MiG-21 FL fighter jet takes its last flight

MiG-21 FL fighter jet takes its last flight

The iconic MiG-21 FL -- a variant in the MiG-21 series of fighter aircraft -- that heralded the dawn of the supersonic jet era for the Indian Air Force half a century ago, Wednesday passed into military aviation history at an emotional fly past and parade at an air base here.

Two pairs of MiG-21 FLs took off with a deafening roar from the runway of the Kalaikunda air base at 9.45 a.m. for one last time Wednesday, ending a 50-year-long  association with the IAF.
The jet -- that has been flown by nearly three out of every four fighter pilots of the IAF since its induction in 1963 and dealt telling blows to the Pakistan Air Force during the 1971 war -- made its final pass in a four-aircraft box formation over the tarmac area.

A separate formation by three MiG-27 MLs roared overhead, performing the Trishul Break Manoeuvre in a final salute to the MiG-21s (Type-77).
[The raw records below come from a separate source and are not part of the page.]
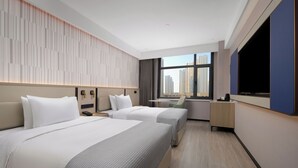 A hotel room with two beds, a desk, a chair, a TV, and a window with a city view. - Wanda Yuehua Hotel Tangshan North (Tangshan)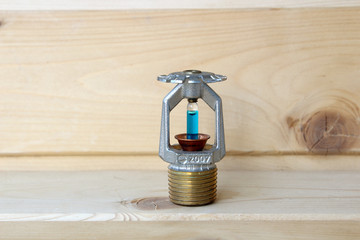 fire sprinkler with fire in wooden background.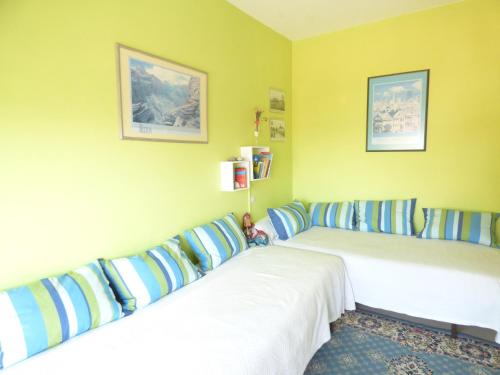 deux lits dans une chambre aux murs jaunes dans l'établissement Le Grand Foc, à Saint-Gilles-Croix-de-Vie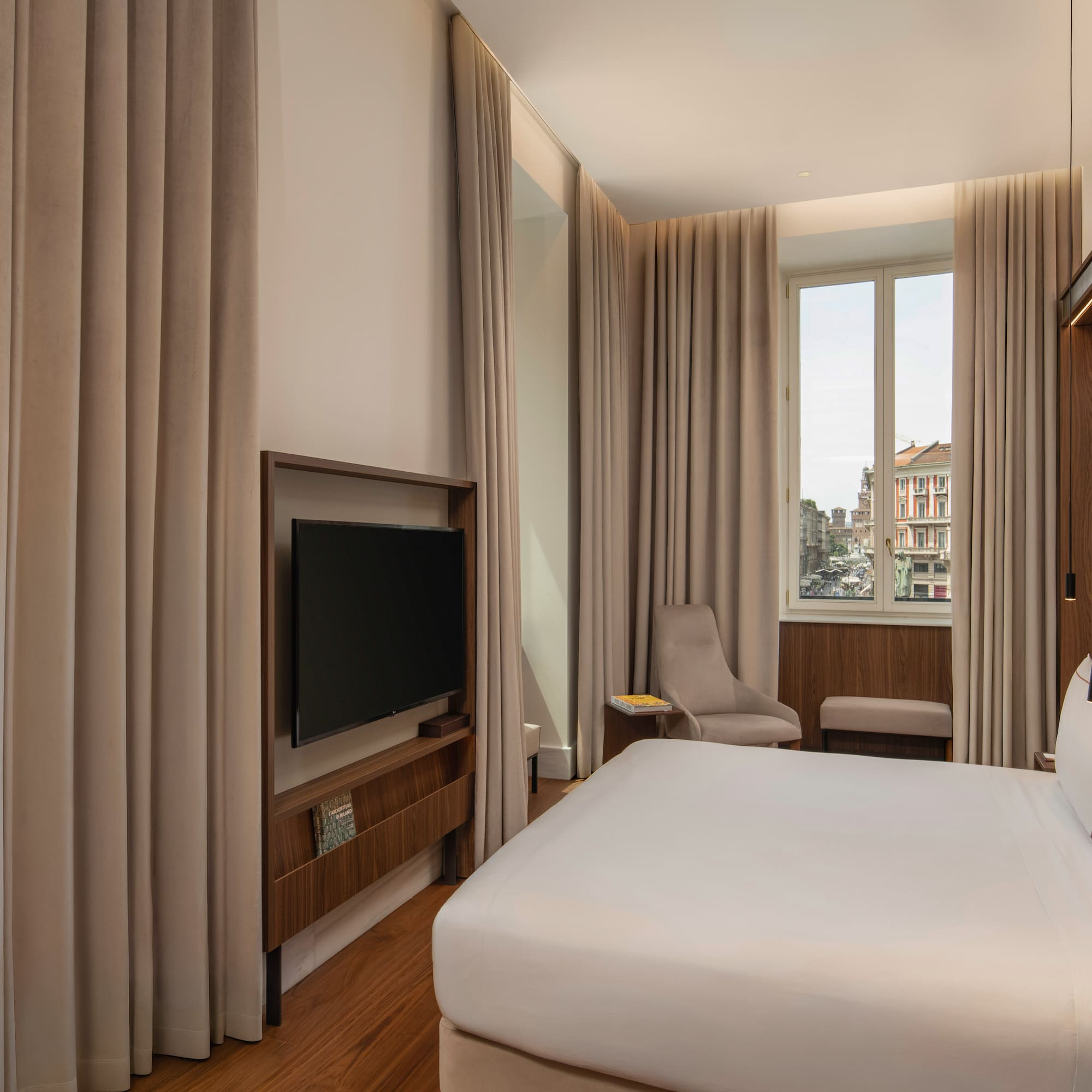Modern hotel room with king bed, city view, wood floors, and wall-mounted TV.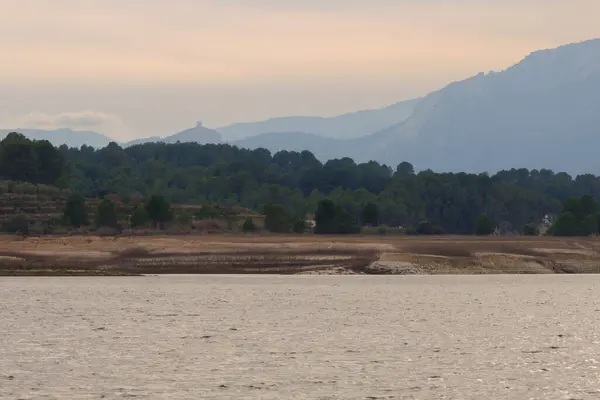 Arkasında Sierra de Mariola doğal parkı olan Beniarres rezervuarının üzerinde günbatımı olan manzara, İspanya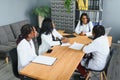 Group Of Medical Staff Meeting Around Table In Hospital. Royalty Free Stock Photo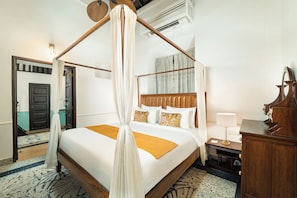 A four-poster bed with a canopy, a bedside table with a lamp, and a wooden nightstand. - Saligao - Casa De Mello C 1863 (Saligao)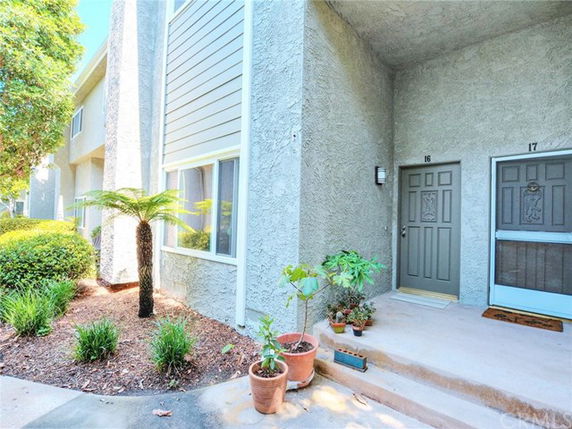 Front view of a residential building with entrance doors and potted plants.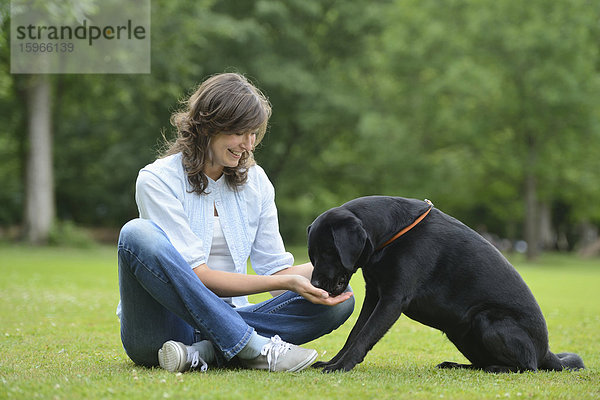 Frau mit einem schwarzen Labrador auf einer Wiese  Bayern  Deutschland  Europa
It was a nostalgic moment for Air Chief Marshal N.A.K. Browne and many other weather-beaten IAF veterans who had flown the jet and experienced the distinct "kick" of its reheat, regarded by aviation experts as quite unlike any other fighter jet's "reheat" experience.

Browne, who reviewed the parade on the ground, commanded by Group Captain V.P. Singh -- commander of the Operational Conversion Unit (OCU) which provides the final phase of training to rookie pilots who have earned their wings -- called it a watershed moment in IAF's history.

"Today's event marks a watershed moment in IAF's history as we reach the end of nearly five decades of remarkable operational service rendered by this iconic fighter," he said.

The curtain came down on an enduring saga in IAF's aviation history, as an MiG-21 FL bearing tail number C-1125 was towed out of the parade square to the tune of "Auld Lang Syne", with wing walkers marching alongside.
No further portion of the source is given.